I was most interested to hear about the new green rocket fuel developed in China using borohydride-rich ionic liquids. It evoked memories of my boron hydride research under Norman Greenwood at Nottingham University, UK, in the early 1960s. 

Boron hydrides had been tested as rocket fuels because their heat of combustion was 50% higher than the corresponding weight of a hydrocarbon fuel. Theoretically, this considerably reduced the weight of fuel needed to have the same range as conventional rockets. However, it was soon realised that one of the two products of combustion was boron oxide, with a melting point of 450ºC, which formed a glassy deposit. 

Not only did the rocket’s thrust perform below expectations as the products were not all gases, but some of the boron oxide deposited on the edge of the exhaust and eventually blocked the thrust entirely.

I hope that the much lower concentration of boron in this new fuel won’t have the blockage problems of the previous rocket fuel experiments with boron hydrides. As the current researchers are finding, boron hydrides are hazardous compounds which can cause severe neurological problems, as well as showing instability in oxygen and water.

Paul Roebuck CChem FRSC
Nottingham, UK

Keeping your (reactor) cool

I was interested to read Wylfa Magnox, the UK’s oldest nuclear power plant and last to use gas-cooled reactors, has closed

While water-cooled designs have become common, gas-cooled and other non-water cooled reactors offer an important advantage: the higher outlet temperature of the coolant (heat transfer fluid) enables the production of steam with a higher temperature. The use of hotter steam in a turbine can greatly increase the efficiency of the plant.

In water-cooled designs, a series of precipitates (crud) can form on the fuel during normal use. The crud on boiling water reactor fuel is hematite (a-Fe2O3) and black spinel (MxFe3–xO4), while grey spinel (NixFe3–xO4) tends to form on pressurised water reactor fuel. The metals in the crud can become neutron-activated before migrating to other parts of the primary cooling loop. Here, the deposited radionuclides can increase worker dose during servicing. In a gas-cooled reactor this process, which causes radioactivity to migrate, does not exist. This could make servicing easier in a gas-cooled reactor.

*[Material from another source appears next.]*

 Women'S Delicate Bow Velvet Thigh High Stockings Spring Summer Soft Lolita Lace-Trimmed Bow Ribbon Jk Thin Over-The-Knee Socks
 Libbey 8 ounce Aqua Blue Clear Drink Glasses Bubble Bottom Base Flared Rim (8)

One advantage water-cooled reactors have over the graphite designs is that the moderator can be changed with ease. One limitation on the life of a reactor is the neutron irradiation of the reactor’s pressure vessel; water-cooled reactors protect this with a layer of water. On the other hand, an important limiting factor for the graphite or gas reactors is the corrosion of graphite by CO2, which forms CO. As the core of a magnox plant is a series of interlocking graphite blocks it is not possible to change the moderator and thus extend the life of the reactor.

Mark Foreman CChem MRSC
Chalmers University of Technology, Sweden

Let’s dance

I enjoyed the news item on the ‘Dance your PhD’ competition, where chemists were using the medium of interpretive dance to describe their research. It is a shame there were only five entries in the chemistry category. 

Surely we could improve on that figure? Perhaps we could start by asking any PhD chemists we know to dance their work retrospectively, maybe during breaks or in the work canteen?